The future of birth control: Every male contraceptive currently in development
The times they are a changing
It’s been a weird and underwhelming year for the future of contraception, and I don’t want to say, well that’s mens’ fault, but come on it kind of is men’s fault.
Despite scientific advances that said we could have a male contraceptive as early as 2021, the side effects of the trial – the same contraceptive side-effects women have been experiencing for decades – meant that it was abandoned. A survey this year from Anglia Ruskin university found that up to 50 per cent of women wouldn’t trust men to take a male contraceptive pill even if they were willing to do so.
But it’s worth remembering that hormonal contraception was originally intended to be for men, all the way back in the 1950’s, before the side effects put them off. And in a poll by babe, 80 per cent of men told us that they would be willing to try it. So hope isn’t lost just yet. And there are still studies and trials ongoing. So here’s what the future of male contraception might look like:
German company Bimek SLV has developed a male contraceptive implant, ominously referred to as a “valve”, which was trialled this year and promises to be available in 2018. The valve, which is hormone-free, lasts an entire lifetime and is “100 per cent vegan” is opened and closed by a switch inserted under the skin of the scrotum (easy access I guess), blocking the flow of sperm to the testicles.

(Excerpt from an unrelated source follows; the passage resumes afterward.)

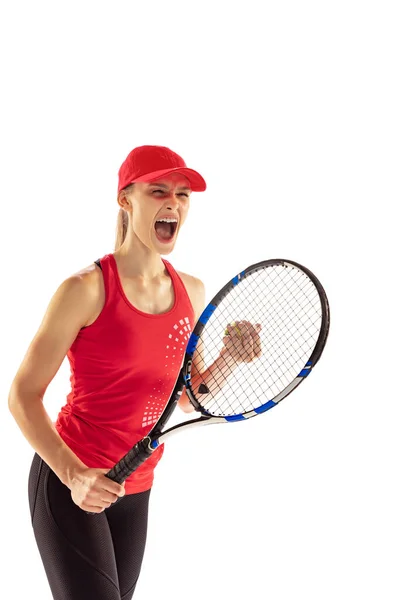 Winner Emotions Excited Young Woman Tennis Player Shouting Sports Win — Foto de Stock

I bet you winced, didn’t you.
The ‘clean sheets pill’
This is probably the most extreme of all the options currently being developed: the clean sheets pill works by literally stopping men producing any semen during sex. Essentially, you just don’t come, although you still get to experience the sensation of having an orgasm. Developed by scientists at Oxford University, the pill is taken two to three hours before sex and lasts for 16-24 hours.
A site espousing the benefits of the pill, especially in reducing the risk of contracting HIV for gay men (and as the name suggests, for keeping everything very clean), says: “The fluids remain where they are and are re-absorbed by the body naturally without concern for retrograde ejaculation into the bladder.”

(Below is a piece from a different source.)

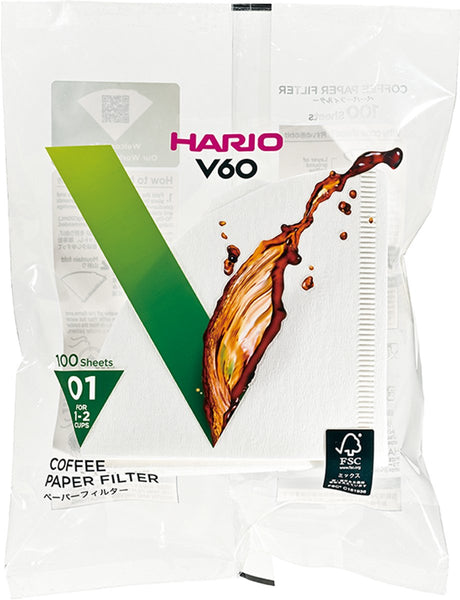 Hario v60 Kaffeefilter – Größe 01 – weiß – 100 Stück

I feel squeamish, personally.
Although the press around the hormonal injection wasn’t all great – the sad, acne-ridden men who decided to stop the trial tended to be what we focused on – it wasn’t all bad. It was found to be 96 per cent effective, around the same as the female contraceptive pill, and one of the researchers who led the trial said: “It is noteworthy that 75 per cent of the men who took part in the trial would be willing to use this method of contraception again.

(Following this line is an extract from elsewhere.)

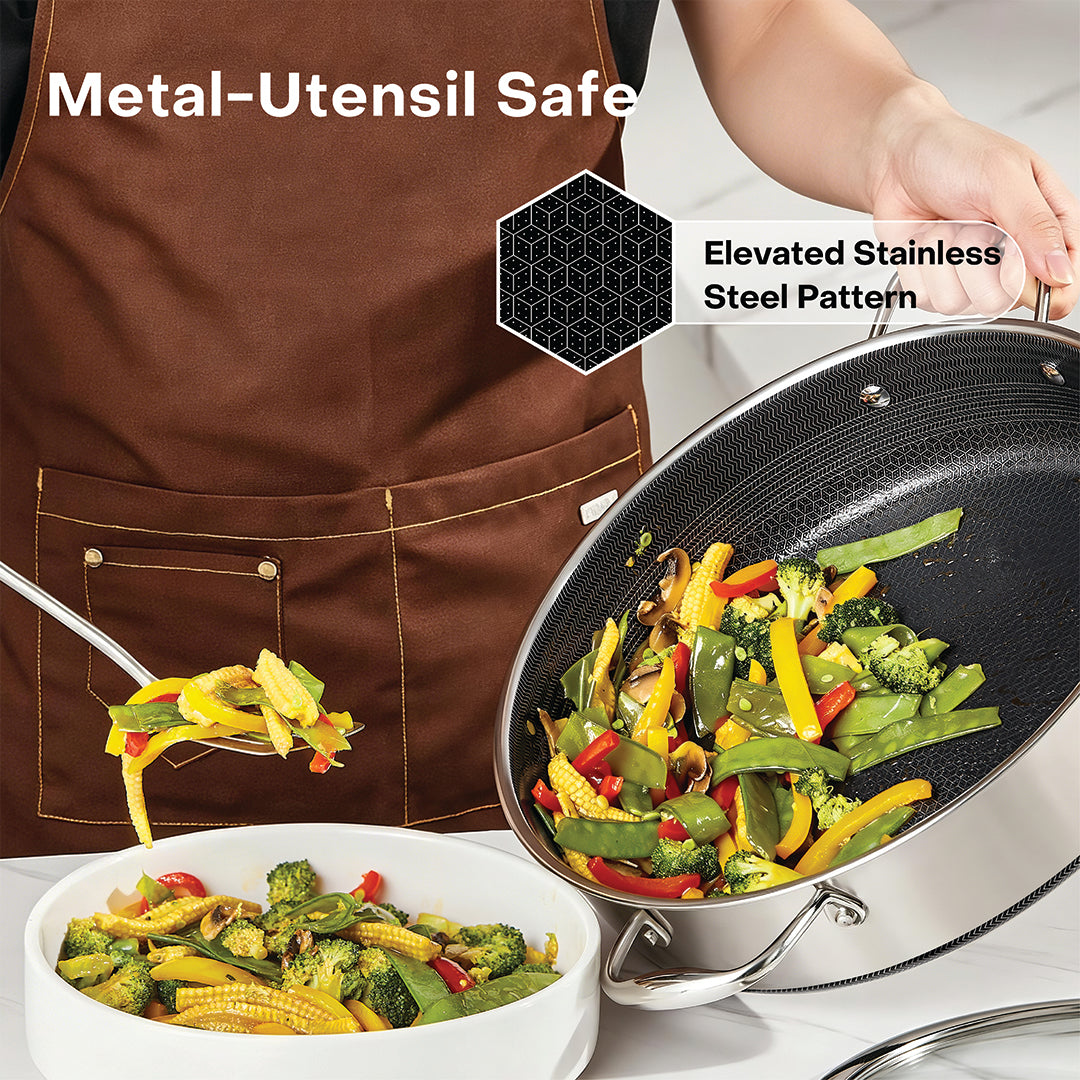 Eterna Tri-Ply 30cm Low Pot with Lid (Kadai)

“So perhaps the side-effects weren’t all that bad after all.”
The remote control
Remain calm but THE FUTURE IS NOW. Stylist reports that researchers are working on a contraceptive microchip that can be inserted under the skin and deliver a daily dose of hormonal birth control when the user presses a button on an accompanying remote control.
The temporary vasectomy
A vasectomy has always been thought of as the last-ditch, permanent option for men, but American company Vasalgel has developed a reversible option. This involves a gel being injected into the vas deferens – fancy name for bit that carries sperm from the testicles – which forms a barrier to stop sperm getting through. Then if the man changes his mind at any point over the following months or years, he can have another injection (great) which flushes the gel out.